Put this all together and you have a workable model for escaping the grasping clutches of greedy governments all over the world, especially those whose systems of exploitation are rooted in analog anachronisms like Keynesian-style macroeconomic planning.
In a laissez-faire world, the advent of the digital revolution would have inspired double-digit growth like we see in many other countries today. In the American case, the government has been stealing so many of the gains that our heads are barely above water.
It is one of history’s great missed opportunities. In the Gilded Age, with relatively little regulation and taxation — plus a gold standard and a Congress that was restrained by it — innovations led to growth like we have never seen before or since in the United States. (See Thomas DiLorenzo’s How Capitalism Saved America.)
In these years between 1870 and the end of the century, lives lengthened dramatically. Per capita income soared. Innovation beget innovation. Wealthy, successful entrepreneurs were national heroes. A new model for building civilization through trade and commerce captured the imagination of an entire culture.

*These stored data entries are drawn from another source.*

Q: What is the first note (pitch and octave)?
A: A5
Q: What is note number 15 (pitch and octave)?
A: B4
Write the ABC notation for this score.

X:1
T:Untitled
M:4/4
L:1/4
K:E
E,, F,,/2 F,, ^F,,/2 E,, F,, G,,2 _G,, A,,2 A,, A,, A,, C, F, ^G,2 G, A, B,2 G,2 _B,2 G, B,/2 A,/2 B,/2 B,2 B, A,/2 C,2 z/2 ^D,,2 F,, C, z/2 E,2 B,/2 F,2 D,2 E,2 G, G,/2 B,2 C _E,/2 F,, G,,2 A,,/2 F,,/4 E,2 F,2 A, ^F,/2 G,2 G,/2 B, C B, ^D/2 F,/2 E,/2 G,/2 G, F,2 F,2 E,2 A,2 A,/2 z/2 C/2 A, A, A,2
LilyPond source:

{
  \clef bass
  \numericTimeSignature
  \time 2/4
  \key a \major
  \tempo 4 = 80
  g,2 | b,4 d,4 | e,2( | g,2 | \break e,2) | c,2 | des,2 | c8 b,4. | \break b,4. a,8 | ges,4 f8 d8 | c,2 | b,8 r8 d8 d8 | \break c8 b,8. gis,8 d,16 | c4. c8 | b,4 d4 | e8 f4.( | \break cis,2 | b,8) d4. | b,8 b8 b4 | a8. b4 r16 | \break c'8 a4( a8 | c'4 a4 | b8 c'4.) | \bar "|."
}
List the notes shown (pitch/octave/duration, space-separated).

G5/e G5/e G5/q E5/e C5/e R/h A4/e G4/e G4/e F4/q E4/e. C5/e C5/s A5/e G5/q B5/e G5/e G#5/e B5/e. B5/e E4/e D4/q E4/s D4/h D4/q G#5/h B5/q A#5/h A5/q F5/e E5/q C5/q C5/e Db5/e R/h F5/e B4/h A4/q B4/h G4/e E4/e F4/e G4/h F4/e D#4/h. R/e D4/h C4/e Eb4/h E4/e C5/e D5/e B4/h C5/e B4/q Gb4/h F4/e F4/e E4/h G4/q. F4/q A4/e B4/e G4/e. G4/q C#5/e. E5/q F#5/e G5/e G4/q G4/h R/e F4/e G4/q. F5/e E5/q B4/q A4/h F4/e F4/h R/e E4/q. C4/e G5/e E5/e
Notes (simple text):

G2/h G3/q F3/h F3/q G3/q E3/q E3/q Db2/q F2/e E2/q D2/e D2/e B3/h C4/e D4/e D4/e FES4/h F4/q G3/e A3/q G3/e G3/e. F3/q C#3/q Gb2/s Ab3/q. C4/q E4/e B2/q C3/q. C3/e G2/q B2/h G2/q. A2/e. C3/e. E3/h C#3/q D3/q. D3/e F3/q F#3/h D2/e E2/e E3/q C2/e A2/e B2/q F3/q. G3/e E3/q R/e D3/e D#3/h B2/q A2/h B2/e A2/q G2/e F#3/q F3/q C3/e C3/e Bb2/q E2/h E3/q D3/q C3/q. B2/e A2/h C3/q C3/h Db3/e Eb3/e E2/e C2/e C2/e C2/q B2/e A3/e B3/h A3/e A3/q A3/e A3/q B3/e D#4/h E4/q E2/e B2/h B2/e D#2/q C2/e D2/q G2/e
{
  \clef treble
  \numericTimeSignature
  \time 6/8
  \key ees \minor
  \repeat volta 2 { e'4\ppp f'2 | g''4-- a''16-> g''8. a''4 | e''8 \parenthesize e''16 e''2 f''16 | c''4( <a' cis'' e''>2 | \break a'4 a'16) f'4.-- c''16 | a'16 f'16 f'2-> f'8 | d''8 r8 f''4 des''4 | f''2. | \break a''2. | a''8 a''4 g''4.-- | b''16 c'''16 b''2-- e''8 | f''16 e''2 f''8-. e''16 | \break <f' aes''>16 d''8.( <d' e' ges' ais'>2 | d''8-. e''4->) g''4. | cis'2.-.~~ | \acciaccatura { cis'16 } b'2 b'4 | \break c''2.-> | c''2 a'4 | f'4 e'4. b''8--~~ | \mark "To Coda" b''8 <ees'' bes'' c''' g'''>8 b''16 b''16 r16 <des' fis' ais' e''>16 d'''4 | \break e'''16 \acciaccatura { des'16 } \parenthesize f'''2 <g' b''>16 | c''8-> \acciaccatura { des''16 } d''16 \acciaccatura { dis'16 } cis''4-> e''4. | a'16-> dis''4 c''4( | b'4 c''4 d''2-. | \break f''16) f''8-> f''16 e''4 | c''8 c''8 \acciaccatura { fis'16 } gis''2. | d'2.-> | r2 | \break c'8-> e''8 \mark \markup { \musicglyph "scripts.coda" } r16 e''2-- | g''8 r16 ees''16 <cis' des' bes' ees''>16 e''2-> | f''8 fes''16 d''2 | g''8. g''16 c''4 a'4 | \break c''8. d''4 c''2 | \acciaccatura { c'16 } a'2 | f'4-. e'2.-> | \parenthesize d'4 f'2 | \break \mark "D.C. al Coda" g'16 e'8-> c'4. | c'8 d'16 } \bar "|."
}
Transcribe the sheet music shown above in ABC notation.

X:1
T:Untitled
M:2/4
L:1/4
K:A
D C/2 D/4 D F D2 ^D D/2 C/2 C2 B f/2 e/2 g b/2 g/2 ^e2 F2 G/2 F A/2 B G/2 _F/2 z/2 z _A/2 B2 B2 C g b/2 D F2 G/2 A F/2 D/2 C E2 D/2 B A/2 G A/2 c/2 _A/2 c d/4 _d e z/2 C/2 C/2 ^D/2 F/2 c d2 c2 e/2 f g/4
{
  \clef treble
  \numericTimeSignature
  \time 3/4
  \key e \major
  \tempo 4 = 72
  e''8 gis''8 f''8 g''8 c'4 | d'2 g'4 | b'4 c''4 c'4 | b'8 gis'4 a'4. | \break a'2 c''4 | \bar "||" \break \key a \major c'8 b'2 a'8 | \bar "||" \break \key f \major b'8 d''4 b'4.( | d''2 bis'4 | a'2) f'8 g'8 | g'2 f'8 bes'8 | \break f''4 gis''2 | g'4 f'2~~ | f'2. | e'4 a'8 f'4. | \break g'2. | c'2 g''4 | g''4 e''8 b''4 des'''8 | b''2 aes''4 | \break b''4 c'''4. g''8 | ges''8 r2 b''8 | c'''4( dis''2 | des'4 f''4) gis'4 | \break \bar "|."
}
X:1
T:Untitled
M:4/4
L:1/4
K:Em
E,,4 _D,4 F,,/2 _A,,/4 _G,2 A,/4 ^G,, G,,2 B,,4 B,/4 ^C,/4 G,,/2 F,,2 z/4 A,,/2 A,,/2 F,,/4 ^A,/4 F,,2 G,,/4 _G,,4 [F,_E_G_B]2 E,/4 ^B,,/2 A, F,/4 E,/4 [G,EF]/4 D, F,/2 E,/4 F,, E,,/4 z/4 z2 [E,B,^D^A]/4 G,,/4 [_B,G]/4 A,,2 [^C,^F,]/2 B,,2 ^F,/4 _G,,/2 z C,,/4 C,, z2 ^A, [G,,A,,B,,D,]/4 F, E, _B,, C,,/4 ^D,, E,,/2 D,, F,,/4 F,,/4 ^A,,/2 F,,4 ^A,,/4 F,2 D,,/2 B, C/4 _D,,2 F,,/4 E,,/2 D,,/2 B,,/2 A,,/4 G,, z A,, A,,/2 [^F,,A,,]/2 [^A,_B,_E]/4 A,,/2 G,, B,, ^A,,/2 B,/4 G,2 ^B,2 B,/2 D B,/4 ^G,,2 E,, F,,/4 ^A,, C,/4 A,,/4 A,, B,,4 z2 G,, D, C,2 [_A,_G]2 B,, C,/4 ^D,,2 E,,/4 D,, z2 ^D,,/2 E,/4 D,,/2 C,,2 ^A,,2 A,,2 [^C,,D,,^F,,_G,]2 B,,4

The things that were amazing back then were railroads, wide availability of steel, communication improvements, electricity and the possibility of commercializing automobiles and flight. That was all great stuff that showered humanity with unimaginable blessings.
But in our times, our things are even more amazing. We are all using miracle technologies we keep in our pockets that presidents couldn’t have accessed 10 years ago. We have more computing power in our digital devices than existed anywhere in the world in the 1990s. The whole world is universally and instantly networked. What’s more, the prices are falling and falling for all these things.
It’s a hinge of history, a new world. You would have to try pretty hard to prevent a moment like this from giving rise to historic levels of economic growth. And it has in countries like China, India, Turkey and Ethiopia. Indeed, a quick look at World Bank charts shows that 150 nations of the world are growing at faster rates than the United States.
Where is the outrage? It is there, but it is entirely misplaced. Opinion culture is decisively in favor of even more looting of more private wealth. According to the Institute on Taxation and Economic Policy, the top 1% of earners are funding 21.6% of all taxes taken by governments at all levels. This is wildly disproportionate. Yet a dominant policy idea out there is to loot the 1% ever more, and rope the digital economy into the planning apparatus.
It is not a scandal that Google and Apple have discovered fancy ways to reduce the extent to which they are being looted by the tax state. The real scandal is that they have to spend so much money and energy finding ways to keep the money they make. They are serving us; our governments are looting them.
If we want to restore prosperity and bring to the United States some of the economic growth other countries are enjoying, a first step would be to dramatically cut corporate taxes from their current confiscatory level. If we want to avoid the injustice of double taxation (never forget that individuals are paying too!), the right level should be zero.
A change to zero corporate taxation in the United States would bring an instantaneous end to the Double Irish.